Après s’être attaché au genre humain, Yves Auquier s’intéresse au monde du vivant dans son ensemble, les plantes et les animaux devenant ses modèles. Comme dans le reste de sa production, l’atmosphère a une place maitresse dans ses photographies. Avec cette modestie qui le caractérise, Yves Auquier évoque son travail en ces termes : « J’ai simplement fait des choses que j’aimais faire » et c’est bien dans la simplicité que son œuvre déploie toute sa justesse. 

Biographie
Yves Auquier est un photographe belge né en 1934 à Bruxelles. Il passe son enfance au Pays Noir et part ensuite à Bruxelles où il débute sa carrière profession- nelle. Par son mariage avec Agnès Leplae, céramiste et fille du sculpteur belge Charles Leplae (1903-1961), il entre rapidement en contact avec le milieu de l’art belge. Son intérêt pour la photographie croît progressivement et sa rencontre en 1959 avec le photographe belge Charles Leirens (1888-1963) confirme définitivement sa vocation. Dès 1961, sa carrière débute et il réalise ses premières expositions personnelles. En 1965, il fonde avec d’autres photographes belges le groupe « Photo Graphie ». Les membres réguliers constituant le groupe sont Pierre Cordier, Julien Coulommier, Gilbert De Keyser, Roland Denaeyer, Hubert Grooteclaes. Concrètement, ils organisent des expositions d’artistes belges et étrangers dans divers lieux culturels, éditent des recueils d’œuvres originales numérotées, organisent des conférences et participent à des colloques à l’international. Leur action est majeure dans la reconnaissance de la photographie comme un art en Belgique.
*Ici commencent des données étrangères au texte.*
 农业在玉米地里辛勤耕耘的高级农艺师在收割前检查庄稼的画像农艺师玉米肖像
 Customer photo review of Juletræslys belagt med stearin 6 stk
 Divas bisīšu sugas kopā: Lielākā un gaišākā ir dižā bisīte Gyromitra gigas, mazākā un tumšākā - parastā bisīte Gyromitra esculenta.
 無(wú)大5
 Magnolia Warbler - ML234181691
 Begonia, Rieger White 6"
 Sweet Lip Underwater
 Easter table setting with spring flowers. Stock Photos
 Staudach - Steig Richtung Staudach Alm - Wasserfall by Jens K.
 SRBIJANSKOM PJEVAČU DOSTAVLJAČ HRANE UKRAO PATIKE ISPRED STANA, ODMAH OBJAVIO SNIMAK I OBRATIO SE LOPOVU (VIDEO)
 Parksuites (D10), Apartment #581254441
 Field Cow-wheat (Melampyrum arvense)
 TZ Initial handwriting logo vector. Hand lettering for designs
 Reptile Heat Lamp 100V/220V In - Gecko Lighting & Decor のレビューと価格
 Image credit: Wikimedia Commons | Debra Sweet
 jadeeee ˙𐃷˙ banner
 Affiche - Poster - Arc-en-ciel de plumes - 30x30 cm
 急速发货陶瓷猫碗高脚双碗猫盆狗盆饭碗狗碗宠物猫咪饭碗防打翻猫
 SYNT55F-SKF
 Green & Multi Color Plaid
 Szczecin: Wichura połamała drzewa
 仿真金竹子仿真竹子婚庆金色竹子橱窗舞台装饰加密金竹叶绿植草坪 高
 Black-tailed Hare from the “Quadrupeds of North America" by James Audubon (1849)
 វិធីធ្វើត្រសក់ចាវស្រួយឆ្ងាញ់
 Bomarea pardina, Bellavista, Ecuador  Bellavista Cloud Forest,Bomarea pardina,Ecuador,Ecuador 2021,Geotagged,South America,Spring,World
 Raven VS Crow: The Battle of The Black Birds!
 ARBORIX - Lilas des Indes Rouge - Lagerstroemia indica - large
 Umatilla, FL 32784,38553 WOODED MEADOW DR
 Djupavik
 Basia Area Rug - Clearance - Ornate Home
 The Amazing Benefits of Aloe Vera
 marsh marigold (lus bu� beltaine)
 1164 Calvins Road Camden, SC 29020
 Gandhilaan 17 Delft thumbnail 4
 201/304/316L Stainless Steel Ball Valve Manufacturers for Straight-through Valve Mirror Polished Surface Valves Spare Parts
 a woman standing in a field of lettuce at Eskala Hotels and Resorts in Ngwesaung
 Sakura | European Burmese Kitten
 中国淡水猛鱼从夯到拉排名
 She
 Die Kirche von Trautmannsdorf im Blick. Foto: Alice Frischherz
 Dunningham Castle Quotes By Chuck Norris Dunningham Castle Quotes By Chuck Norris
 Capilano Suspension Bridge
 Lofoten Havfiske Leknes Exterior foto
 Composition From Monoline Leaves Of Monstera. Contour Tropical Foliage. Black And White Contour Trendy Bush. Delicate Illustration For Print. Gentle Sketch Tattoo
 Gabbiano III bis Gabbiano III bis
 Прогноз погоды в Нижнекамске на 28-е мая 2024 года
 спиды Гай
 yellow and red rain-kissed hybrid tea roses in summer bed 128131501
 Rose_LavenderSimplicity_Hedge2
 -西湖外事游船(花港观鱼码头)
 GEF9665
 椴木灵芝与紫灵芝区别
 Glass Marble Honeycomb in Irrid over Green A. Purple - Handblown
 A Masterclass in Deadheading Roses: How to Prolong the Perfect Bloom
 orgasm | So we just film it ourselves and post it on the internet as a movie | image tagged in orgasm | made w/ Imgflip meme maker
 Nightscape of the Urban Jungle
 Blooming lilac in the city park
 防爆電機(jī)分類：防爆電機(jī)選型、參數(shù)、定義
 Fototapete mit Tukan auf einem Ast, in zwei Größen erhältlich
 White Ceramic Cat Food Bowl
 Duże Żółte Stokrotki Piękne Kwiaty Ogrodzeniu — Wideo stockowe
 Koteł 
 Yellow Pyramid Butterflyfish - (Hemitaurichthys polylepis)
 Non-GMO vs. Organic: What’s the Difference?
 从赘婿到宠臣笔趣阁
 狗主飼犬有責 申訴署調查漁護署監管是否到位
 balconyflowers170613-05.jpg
En 1969, Yves Auquier devient professeur à l’École Supérieure des Arts « Le 75 » à Bruxelles. Il est le premier chef de l’atelier de photographie de l’école et il y fonde, en 1971, le cours d’histoire de la photographie. Durant cette même décennie, il est élu membre de la Commission d’achats d’œuvres d’art pour le ministère de la Culture, il est le premier photographe à exercer ce mandat. Son goût pour le travail commun, pour les autres, le pousse une nouvelle fois vers la création d’un groupe voué à la photographie. « Images » voit le jour en 1974, professeurs et étudiants du « 75 » s’associent à cette nouvelle initiative dédiée aux arts sériels. Les membres en sont : Monique Adam, Yves Auquier, Jacky Lecouturier, Jean-Marc Vantournhoudt, Francis Van Uffel et Guy Wéry. Ils publient des livres et autres recueils et organisent de nombreuses expositions, notamment, Images des hommes qui sera accueillie à Venise en 1979. Yves Auquier poursuit sa carrière de professeur et son action dans l’univers photographique. À côté de conférences, d’écritures de livres et de commissariat d’exposition, il fonde encore en 1980 le Patrimoine photographique pour la gestion des collections photographiques de l’état. Nombreux sont ses contemporains – collègues, étudiants, photographes, amis – qui disent à quel point son contact a été bénéfique et inspirant dans leur carrière artistique.